National Gallery Singapore | Interview with Fyerool Darma

Rachael Rakes and Sofía Dourron , National Gallery Singapore, December 9, 2023
Expanding on the 12th Seoul Media City Biennale (SMB12), THIS TOO, IS A MAPRachael Rakes and Sofía Dourron interview Singapore artist Fyerool Darma on his polyphonic practice that resists the singular progression of history. Fyerool’s work resists the particular resolutions, aesthetics and imaginations of an advanced technological human future all nations and people should pursue. His work at SMB12, l♥ndsc_₱€$s (poienxcinoti) (2023), is produced by a community of artists and a collection of art. It features rawanxberdenyut, Aleezon, Lee Khee San, Autaspace, CC1, Dahlia, Alawiyah, 风 and Lé Luhur from NUS Museum's South and Southeast Asia Collection. In unpacking the different layers of this work and Fyerool’s practice, Rakes, Dourron and Fyerool unveil the complex legacies of pattern-making in cartography—such patterns have left their mark on the knowledge systems perpetuated by museum collections, and contine to define our present and future. Ultimately, their conversation points to the urgencies of artistic practices like Fyerool’s that rebelliously insist on the illegible and on speaking collectively at the same time.
 
RR: This issue of Perspectives deals with intersecting probes around retro-futurism, in particular, recovering the pasts futurisms of Southeast Asia, as well as looking at how the Western surveying and mapping of various parts of the world foreclosed countless modes of future-thinking. So maybe we could start off by discussing the multiple notions of futurity in your work?
 
FD: For me, futurity is always a constitution of reading time and its contingencies.
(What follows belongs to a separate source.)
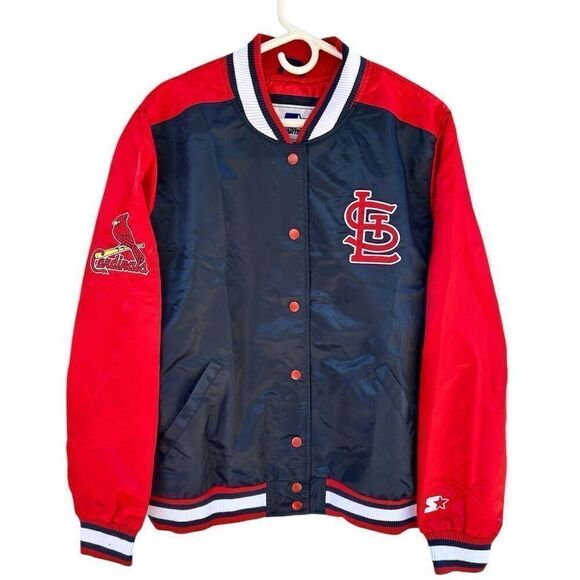 Starter MLB Cardinals Varsity Jacket Men's 2XL Red Snap Closure - Picture 1 of 9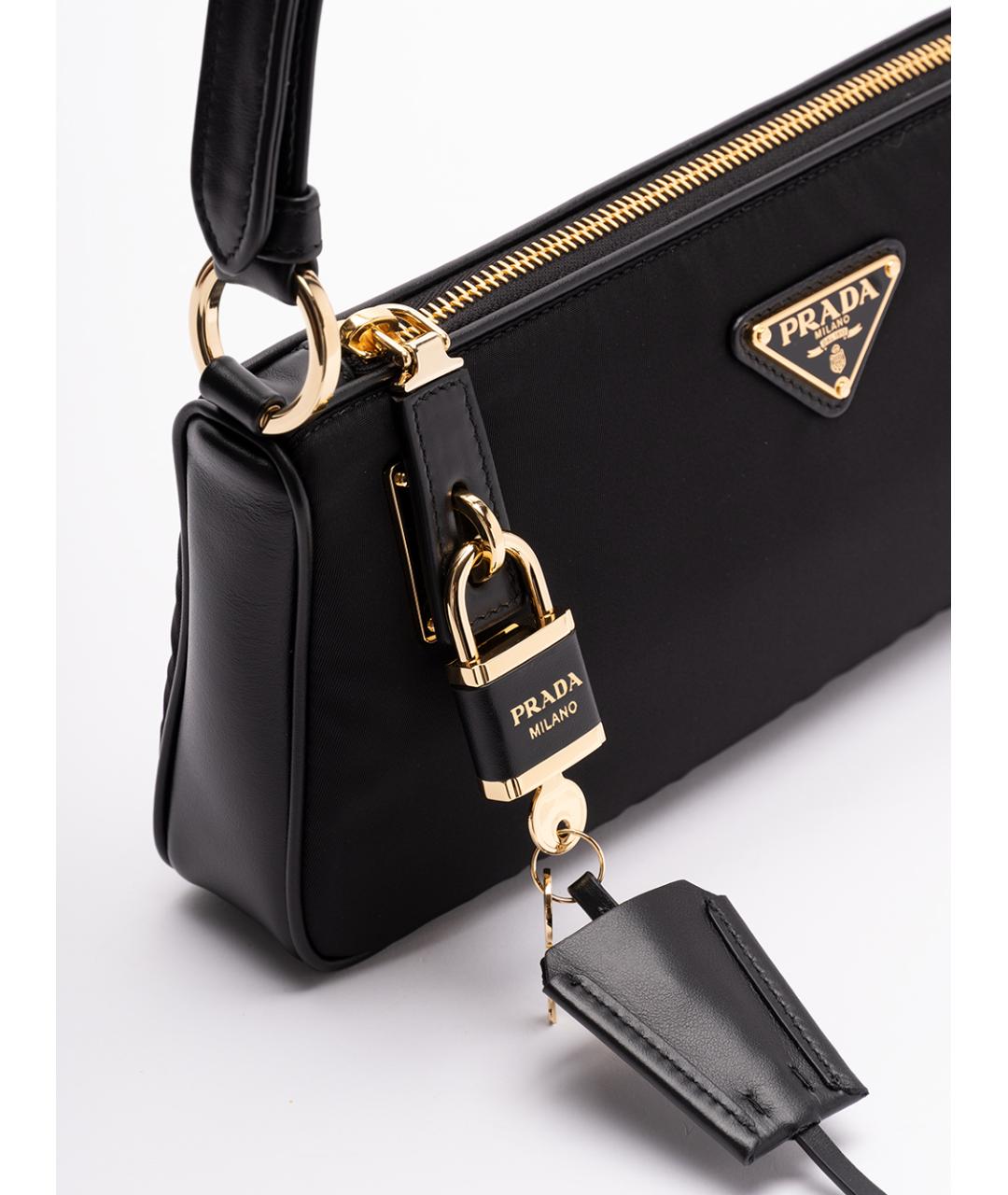 PRADA Черная синтетическая сумка через плечо, фото 4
From where I sit, time is like a reverb, with sound and echo growing alongside one another. Despite the chronological disjunctures, past-present—or the then-here-now—kind of move together at any moment, shifting into different social venues. This perspective was informed by multiple stories, personal experiences, listenings and the act of eavesdropping as I moved between grounds, spaces and places. And when I travel via land, sea or air—and even in sleep—I am constantly shifting between time zones. This idea of time is also informed by spiritual understandings, and what I like to think of syncretism. I grew up hearing and encountering multitudes of voices embedded within my head, ina multitude of accents—telo and slang too. I have lived with the Gregorian calendar, lunisolar calendar, lunar calendar, the Hijri calendar and the digital calendar. These are interwoven with an understanding of shifting moon patterns, and amidst all this, the tenderness of ancestral time.
 
RR: Would you call this then a temporal syncretism?
 
FD: Temporality is not fixed, yeah? Time is a construct and guide instead of a concrete barometer that one follows. But of course,  within the context of Singapore, as with elsewhere, time is understood as a rule of efficiency and inefficiency. Hence its monotonous linearity.
 
SD: I think this manifests in your work in different ways: in the techniques that you use but also the materials and the overlapping of times and scales. Maybe you can elaborate on how these materials and ideas show up in your work.